While Sipper and Quaffer debated the outcome of the tasting on the other side of the bank of bottles, not far from what was left of the Istanbul Skyline, I poured myself just a bit more of the chilli infusion. The woman who had sent it up from the farm along with the Primitiv had warned me of its heat and suggested I do what she and “the others” had done to make it more palatable. They had paired it with Sparletta Strawberry.

Perhaps that’s one reason why I came to two major decisions, shot-glass in hand in the courtyard.

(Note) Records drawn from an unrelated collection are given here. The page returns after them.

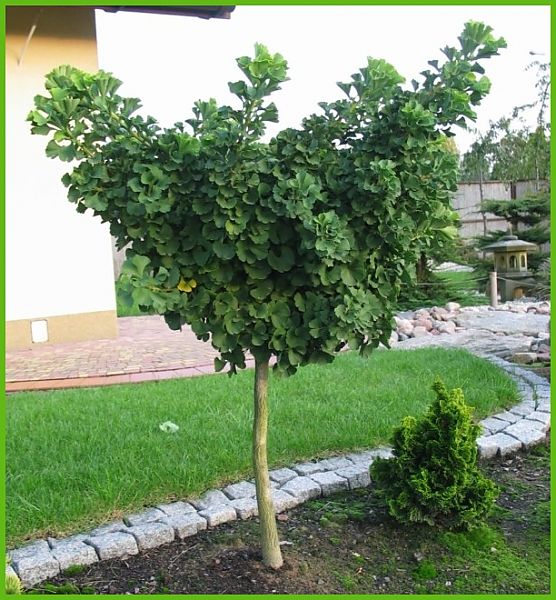 Gingko-biloba_4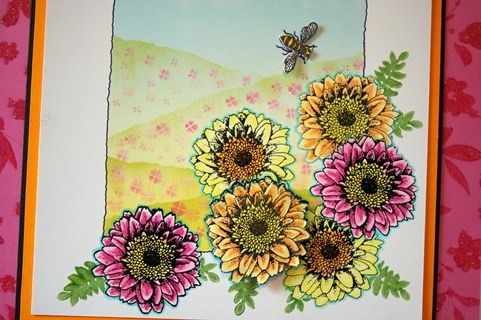 [JulieIMGP9760rs%255B2%255D.jpg]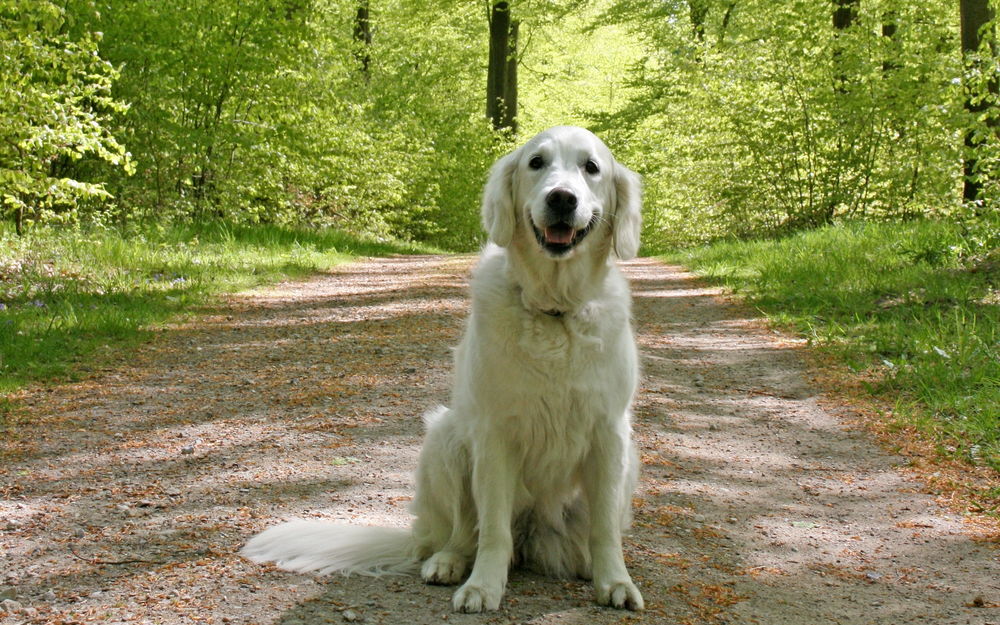 Обои для рабочего стола Золотистый ретривер / Голден ретривер / Golden Retriever  сидит посреди дороги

One was that everyone has their own way of judging our South African vodkas, of which 031 has scored a Silver Michelangelo award for their sugarcane molasses-based vodka and is 10 times distilled, two things of which the Pole would have disapproved – more than about four distillations he deemed ridiculous for wrecking the “texture”. And that vodka aroma is a quick, evanescent thing. I had begun to like the word “evanescence” the longer I spent with my chilli-infusion.

The five completely local vodkas revealed, from left to right: Russian Bear; Hope (on paper); Gr8dient; Primitiv; 031. Photo Gwynne Conlyn

I heard Sipper, whose real name is Gwynne Conlyn, say to Quaffer, who is really called Mark Eardley (and you can read his story about zakuski somewhere nearby), that the great surprises evident on their marking sheets, one of which bore a small but distinct helping of soused herring, “was all because of the zakuski”.

But, for the Pole and, indeed, for myself in the courtyard, with vodka there seemed to be two ways of seeing everything.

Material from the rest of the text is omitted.